[Extracted data entries]

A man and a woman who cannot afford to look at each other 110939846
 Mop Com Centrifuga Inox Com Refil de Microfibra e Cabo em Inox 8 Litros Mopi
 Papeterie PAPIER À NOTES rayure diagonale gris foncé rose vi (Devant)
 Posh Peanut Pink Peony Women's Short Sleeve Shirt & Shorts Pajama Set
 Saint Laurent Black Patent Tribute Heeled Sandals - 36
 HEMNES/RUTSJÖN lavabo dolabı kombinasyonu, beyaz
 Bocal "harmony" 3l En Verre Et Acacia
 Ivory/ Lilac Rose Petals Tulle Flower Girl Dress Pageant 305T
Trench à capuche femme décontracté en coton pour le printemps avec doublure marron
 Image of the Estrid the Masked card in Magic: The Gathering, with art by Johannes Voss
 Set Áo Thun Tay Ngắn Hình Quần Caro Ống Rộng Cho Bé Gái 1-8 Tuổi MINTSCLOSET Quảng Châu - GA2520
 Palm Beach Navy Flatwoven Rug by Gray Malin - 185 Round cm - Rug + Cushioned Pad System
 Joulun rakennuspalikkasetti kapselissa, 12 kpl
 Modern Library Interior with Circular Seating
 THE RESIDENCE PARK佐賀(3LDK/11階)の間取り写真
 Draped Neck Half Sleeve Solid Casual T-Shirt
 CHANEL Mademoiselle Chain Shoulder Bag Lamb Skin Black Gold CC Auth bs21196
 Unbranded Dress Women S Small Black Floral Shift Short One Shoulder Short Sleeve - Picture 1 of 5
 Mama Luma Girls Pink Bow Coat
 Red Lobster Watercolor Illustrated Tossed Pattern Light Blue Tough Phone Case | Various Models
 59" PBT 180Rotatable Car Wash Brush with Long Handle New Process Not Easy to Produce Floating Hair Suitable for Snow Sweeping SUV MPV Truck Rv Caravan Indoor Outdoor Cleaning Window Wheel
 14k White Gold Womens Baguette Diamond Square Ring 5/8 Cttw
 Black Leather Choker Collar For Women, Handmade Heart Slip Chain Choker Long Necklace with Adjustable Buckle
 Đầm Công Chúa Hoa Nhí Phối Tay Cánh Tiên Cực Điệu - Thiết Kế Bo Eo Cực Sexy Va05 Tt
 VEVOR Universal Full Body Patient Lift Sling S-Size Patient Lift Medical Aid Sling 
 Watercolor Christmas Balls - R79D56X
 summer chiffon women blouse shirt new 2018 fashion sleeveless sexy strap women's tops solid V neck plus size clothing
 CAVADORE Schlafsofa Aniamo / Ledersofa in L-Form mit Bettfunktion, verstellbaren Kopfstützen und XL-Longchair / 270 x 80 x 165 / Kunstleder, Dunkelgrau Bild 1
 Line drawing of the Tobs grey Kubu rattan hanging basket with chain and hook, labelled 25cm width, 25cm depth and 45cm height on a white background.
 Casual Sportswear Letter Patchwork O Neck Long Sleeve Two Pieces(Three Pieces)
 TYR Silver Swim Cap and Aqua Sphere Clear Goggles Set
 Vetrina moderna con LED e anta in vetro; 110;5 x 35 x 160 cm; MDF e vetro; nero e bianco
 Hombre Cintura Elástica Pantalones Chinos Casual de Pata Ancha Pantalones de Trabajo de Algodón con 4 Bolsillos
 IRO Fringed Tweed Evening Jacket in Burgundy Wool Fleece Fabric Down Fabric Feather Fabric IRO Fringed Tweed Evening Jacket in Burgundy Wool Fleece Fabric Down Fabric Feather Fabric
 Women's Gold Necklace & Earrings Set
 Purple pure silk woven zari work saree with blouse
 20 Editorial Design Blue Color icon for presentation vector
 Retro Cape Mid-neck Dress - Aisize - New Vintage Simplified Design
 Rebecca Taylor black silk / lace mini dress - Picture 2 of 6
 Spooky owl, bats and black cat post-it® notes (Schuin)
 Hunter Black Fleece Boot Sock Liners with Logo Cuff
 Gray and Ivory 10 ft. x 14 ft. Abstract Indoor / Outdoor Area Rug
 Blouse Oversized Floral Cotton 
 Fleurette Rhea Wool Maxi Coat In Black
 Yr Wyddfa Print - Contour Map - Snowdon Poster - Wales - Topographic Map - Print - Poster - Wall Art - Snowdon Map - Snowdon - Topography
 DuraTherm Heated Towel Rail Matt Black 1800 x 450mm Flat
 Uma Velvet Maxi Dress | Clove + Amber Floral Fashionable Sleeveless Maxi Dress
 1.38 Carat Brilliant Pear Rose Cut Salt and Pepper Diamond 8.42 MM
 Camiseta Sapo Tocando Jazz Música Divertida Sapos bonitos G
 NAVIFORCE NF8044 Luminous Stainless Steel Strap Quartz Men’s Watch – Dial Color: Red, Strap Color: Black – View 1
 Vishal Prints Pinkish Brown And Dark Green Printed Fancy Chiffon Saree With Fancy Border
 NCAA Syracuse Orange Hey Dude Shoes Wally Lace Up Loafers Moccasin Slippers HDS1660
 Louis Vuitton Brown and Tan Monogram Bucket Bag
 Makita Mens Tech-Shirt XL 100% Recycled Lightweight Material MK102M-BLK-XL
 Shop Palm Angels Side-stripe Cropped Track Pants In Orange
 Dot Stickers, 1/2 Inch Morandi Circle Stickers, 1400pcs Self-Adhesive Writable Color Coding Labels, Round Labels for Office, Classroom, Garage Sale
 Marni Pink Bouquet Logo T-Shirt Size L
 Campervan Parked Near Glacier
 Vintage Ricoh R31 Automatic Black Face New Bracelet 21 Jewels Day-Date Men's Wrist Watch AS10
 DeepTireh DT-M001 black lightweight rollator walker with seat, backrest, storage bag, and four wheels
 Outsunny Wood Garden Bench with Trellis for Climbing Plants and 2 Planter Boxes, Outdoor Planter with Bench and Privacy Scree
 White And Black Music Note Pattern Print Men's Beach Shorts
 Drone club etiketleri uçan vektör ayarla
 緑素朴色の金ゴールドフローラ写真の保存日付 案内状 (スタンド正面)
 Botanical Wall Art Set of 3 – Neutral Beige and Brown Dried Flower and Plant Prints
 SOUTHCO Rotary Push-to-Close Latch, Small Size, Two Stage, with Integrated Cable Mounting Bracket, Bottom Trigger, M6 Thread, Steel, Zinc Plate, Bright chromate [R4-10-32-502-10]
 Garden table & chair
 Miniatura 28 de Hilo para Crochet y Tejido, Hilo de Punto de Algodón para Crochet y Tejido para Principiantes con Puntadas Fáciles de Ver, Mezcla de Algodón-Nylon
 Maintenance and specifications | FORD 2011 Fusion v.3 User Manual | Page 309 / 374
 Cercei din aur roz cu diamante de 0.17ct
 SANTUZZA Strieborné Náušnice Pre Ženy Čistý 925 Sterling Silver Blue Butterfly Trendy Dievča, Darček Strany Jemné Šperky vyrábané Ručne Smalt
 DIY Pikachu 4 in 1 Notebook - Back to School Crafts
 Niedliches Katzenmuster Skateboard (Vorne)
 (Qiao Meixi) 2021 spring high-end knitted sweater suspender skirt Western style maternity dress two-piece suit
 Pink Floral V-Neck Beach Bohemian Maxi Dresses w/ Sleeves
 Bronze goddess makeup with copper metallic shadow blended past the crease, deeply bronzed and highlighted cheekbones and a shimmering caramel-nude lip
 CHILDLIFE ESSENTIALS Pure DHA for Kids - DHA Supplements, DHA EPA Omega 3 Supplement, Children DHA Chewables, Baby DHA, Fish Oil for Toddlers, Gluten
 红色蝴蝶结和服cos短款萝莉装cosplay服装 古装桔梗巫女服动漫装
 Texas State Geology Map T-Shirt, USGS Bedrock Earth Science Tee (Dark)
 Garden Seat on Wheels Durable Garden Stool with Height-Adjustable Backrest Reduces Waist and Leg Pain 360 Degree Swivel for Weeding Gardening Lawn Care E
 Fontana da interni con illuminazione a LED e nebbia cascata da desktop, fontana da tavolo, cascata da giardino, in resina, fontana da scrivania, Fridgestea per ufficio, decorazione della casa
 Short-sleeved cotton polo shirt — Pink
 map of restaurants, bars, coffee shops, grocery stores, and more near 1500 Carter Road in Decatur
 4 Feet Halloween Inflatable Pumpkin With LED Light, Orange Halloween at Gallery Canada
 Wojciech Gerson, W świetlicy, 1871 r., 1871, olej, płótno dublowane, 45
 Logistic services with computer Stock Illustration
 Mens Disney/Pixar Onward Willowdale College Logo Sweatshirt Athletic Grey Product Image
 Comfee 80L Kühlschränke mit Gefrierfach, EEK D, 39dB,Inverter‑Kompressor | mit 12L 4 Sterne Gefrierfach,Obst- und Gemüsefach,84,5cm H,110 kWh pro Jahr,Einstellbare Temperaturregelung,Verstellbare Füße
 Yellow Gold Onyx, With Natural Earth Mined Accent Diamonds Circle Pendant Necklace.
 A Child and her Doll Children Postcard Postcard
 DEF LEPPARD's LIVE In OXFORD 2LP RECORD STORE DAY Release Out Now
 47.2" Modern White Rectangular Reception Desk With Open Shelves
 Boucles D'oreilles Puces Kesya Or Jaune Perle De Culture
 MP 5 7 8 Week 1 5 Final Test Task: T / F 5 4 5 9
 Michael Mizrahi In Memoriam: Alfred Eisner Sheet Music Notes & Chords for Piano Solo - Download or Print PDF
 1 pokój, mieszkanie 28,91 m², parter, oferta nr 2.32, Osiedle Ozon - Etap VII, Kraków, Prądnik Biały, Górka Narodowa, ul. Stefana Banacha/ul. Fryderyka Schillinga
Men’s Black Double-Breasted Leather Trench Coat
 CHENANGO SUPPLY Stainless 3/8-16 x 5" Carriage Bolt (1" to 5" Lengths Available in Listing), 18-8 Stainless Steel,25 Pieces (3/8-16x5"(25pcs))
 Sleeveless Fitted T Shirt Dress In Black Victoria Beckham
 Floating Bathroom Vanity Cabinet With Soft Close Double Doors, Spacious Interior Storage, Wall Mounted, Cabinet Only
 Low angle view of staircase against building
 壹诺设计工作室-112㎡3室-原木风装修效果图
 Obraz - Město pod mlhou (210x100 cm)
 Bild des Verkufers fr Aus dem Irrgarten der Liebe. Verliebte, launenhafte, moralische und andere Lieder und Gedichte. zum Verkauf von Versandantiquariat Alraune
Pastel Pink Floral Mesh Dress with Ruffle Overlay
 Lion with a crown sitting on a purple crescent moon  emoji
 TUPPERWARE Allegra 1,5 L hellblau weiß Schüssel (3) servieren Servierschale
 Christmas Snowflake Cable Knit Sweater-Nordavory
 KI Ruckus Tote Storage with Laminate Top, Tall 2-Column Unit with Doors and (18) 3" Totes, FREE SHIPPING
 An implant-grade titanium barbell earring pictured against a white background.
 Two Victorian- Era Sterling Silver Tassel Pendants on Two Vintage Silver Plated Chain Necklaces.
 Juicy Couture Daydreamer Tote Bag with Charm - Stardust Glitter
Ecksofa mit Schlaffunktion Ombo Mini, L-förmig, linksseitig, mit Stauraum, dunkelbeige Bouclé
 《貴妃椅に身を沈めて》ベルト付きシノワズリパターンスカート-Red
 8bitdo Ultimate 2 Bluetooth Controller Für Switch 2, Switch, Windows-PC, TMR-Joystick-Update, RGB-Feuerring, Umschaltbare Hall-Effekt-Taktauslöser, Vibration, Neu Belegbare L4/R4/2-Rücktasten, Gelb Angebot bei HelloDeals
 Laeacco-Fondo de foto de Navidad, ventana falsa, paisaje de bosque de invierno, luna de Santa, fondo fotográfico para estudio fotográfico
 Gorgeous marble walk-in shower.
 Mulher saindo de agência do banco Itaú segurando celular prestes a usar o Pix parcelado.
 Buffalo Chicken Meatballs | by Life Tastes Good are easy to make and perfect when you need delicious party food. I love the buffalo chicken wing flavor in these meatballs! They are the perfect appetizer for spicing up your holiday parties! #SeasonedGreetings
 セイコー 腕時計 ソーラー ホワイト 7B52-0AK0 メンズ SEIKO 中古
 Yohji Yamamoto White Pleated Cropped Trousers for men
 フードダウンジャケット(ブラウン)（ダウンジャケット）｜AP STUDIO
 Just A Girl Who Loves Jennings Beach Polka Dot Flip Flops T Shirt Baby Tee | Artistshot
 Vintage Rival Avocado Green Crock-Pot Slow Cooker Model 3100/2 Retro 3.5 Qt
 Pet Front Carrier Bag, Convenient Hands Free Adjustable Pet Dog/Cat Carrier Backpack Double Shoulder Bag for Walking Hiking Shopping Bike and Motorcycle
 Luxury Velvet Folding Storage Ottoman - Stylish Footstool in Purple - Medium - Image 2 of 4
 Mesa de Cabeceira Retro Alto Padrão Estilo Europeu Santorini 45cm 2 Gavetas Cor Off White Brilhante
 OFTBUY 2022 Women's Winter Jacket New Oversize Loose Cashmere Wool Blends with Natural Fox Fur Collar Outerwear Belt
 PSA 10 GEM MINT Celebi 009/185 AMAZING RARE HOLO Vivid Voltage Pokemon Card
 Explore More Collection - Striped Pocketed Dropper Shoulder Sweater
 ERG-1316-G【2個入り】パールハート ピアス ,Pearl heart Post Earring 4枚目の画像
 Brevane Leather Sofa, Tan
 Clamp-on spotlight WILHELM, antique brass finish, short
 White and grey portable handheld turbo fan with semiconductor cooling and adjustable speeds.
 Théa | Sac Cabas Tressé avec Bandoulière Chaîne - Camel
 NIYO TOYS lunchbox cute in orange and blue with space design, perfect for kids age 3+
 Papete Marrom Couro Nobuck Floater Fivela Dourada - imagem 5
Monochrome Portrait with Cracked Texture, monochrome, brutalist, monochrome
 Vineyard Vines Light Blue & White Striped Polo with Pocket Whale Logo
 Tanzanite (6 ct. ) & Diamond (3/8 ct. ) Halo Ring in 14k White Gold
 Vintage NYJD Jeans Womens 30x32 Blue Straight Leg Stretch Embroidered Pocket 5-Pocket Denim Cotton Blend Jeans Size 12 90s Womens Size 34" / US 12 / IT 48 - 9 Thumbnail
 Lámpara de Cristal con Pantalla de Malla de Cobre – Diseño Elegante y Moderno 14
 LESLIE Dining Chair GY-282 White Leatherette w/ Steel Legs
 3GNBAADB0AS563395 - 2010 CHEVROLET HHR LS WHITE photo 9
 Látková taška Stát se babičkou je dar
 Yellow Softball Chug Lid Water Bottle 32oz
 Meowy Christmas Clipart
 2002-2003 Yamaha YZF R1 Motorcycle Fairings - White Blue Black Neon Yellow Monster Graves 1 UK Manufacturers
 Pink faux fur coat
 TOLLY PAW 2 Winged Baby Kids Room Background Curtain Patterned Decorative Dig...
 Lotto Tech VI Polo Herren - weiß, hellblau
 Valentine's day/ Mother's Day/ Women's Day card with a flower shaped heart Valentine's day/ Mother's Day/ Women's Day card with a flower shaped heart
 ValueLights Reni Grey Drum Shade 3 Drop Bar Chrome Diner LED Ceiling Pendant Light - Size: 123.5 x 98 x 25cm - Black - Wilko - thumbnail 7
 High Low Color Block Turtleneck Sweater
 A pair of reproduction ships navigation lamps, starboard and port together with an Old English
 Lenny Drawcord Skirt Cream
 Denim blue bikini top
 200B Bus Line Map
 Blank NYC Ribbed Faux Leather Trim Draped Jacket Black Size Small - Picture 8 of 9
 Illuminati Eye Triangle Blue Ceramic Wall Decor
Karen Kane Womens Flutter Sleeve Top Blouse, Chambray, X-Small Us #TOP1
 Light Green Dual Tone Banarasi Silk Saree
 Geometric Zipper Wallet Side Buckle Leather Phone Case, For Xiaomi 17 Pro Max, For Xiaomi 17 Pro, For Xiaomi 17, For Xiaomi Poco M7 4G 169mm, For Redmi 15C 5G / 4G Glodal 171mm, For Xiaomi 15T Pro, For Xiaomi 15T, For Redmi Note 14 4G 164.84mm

## TO DO
What is needed is an exact repetition of the lines from the first line of the records through the line containing "Set Áo Thun", both ends included, and nothing more.

## EXERCISE ANSWER
A man and a woman who cannot afford to look at each other 110939846
 Mop Com Centrifuga Inox Com Refil de Microfibra e Cabo em Inox 8 Litros Mopi
 Papeterie PAPIER À NOTES rayure diagonale gris foncé rose vi (Devant)
 Posh Peanut Pink Peony Women's Short Sleeve Shirt & Shorts Pajama Set
 Saint Laurent Black Patent Tribute Heeled Sandals - 36
 HEMNES/RUTSJÖN lavabo dolabı kombinasyonu, beyaz
 Bocal "harmony" 3l En Verre Et Acacia
 Ivory/ Lilac Rose Petals Tulle Flower Girl Dress Pageant 305T
Trench à capuche femme décontracté en coton pour le printemps avec doublure marron
 Image of the Estrid the Masked card in Magic: The Gathering, with art by Johannes Voss
 Set Áo Thun Tay Ngắn Hình Quần Caro Ống Rộng Cho Bé Gái 1-8 Tuổi MINTSCLOSET Quảng Châu - GA2520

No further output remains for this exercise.